→ TASK OBJECTIVE
Please transcribe only the lines from the one holding "1FTZF17271KA09626 2001 Ford" through the final line of the data, both included, with no pictures.
┌─ EXTRACTED MATERIAL
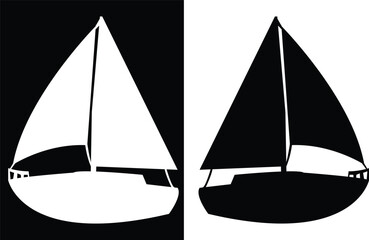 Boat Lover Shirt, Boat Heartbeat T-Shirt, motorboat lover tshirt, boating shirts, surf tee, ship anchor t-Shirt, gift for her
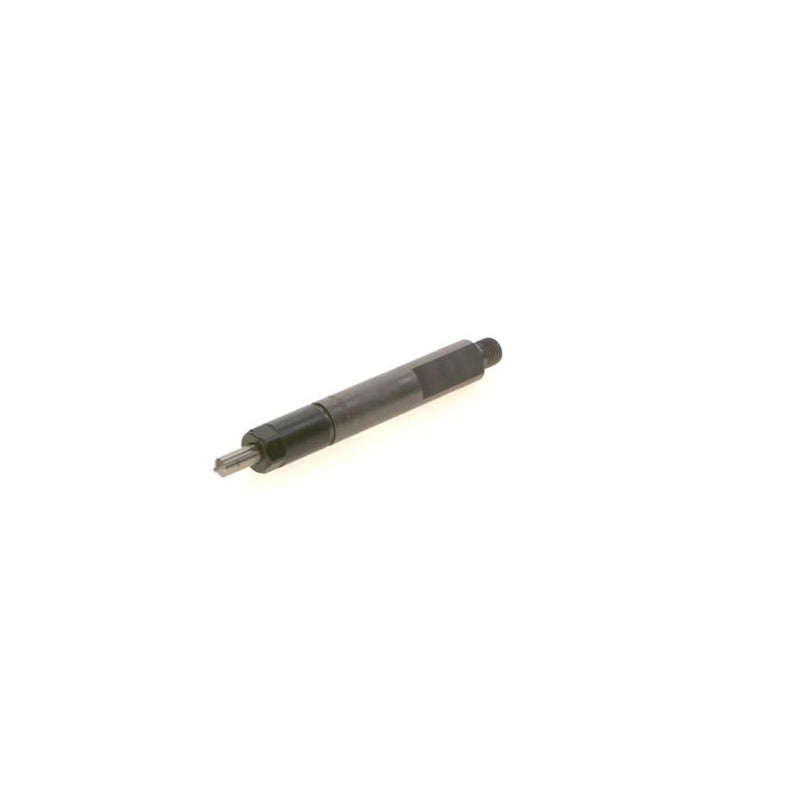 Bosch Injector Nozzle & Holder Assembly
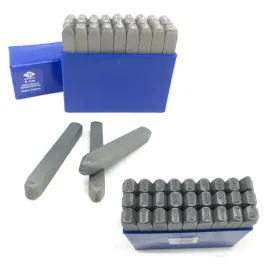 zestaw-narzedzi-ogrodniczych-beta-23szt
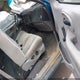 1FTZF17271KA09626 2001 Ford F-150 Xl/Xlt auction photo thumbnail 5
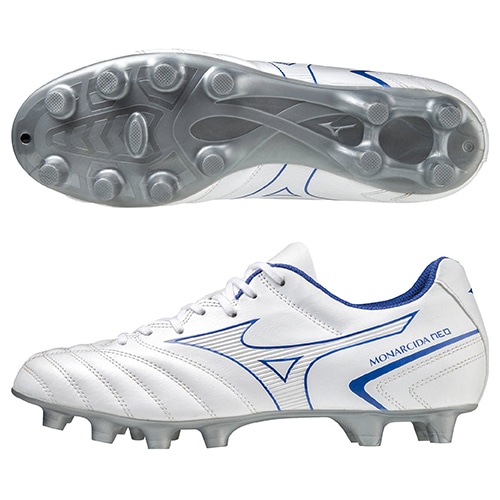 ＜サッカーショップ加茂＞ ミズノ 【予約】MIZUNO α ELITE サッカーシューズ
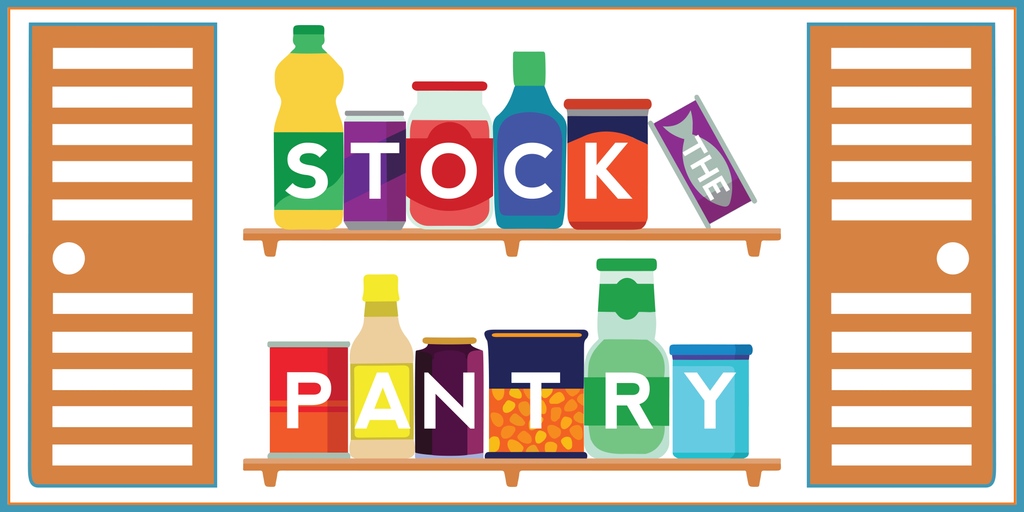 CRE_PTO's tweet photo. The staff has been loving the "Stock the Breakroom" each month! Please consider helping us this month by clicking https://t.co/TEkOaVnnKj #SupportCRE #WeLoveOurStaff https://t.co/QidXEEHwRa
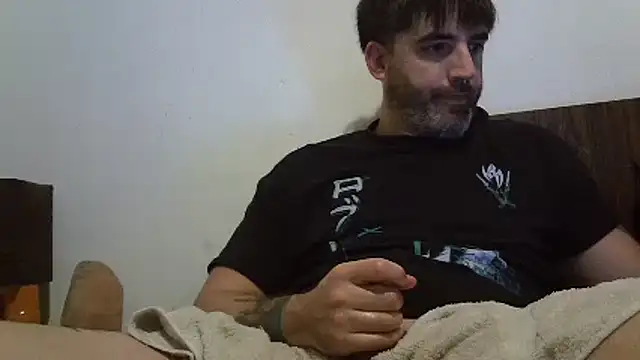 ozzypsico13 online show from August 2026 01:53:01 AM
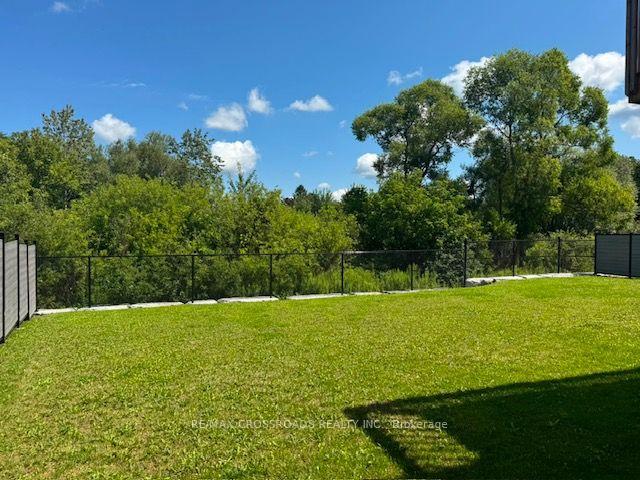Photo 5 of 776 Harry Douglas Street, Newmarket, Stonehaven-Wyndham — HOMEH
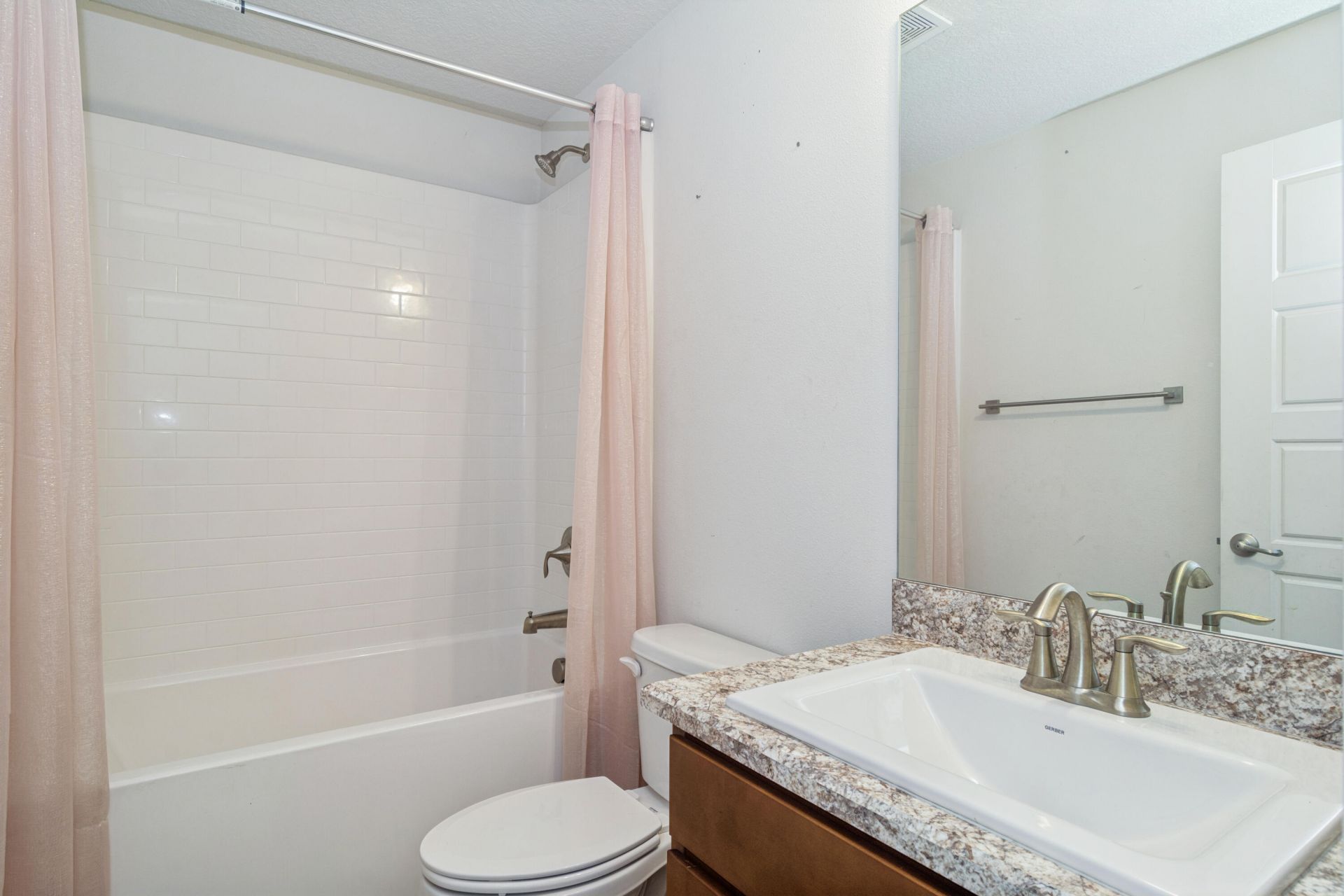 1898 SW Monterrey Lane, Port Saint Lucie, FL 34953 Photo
└─
→ SOLUTION TO THIS EXERCISE
 1FTZF17271KA09626 2001 Ford F-150 Xl/Xlt auction photo thumbnail 5
 ＜サッカーショップ加茂＞ ミズノ 【予約】MIZUNO α ELITE サッカーシューズ
 CRE_PTO's tweet photo. The staff has been loving the "Stock the Breakroom" each month! Please consider helping us this month by clicking https://t.co/TEkOaVnnKj #SupportCRE #WeLoveOurStaff https://t.co/QidXEEHwRa
 ozzypsico13 online show from August 2026 01:53:01 AM
Photo 5 of 776 Harry Douglas Street, Newmarket, Stonehaven-Wyndham — HOMEH
 1898 SW Monterrey Lane, Port Saint Lucie, FL 34953 Photo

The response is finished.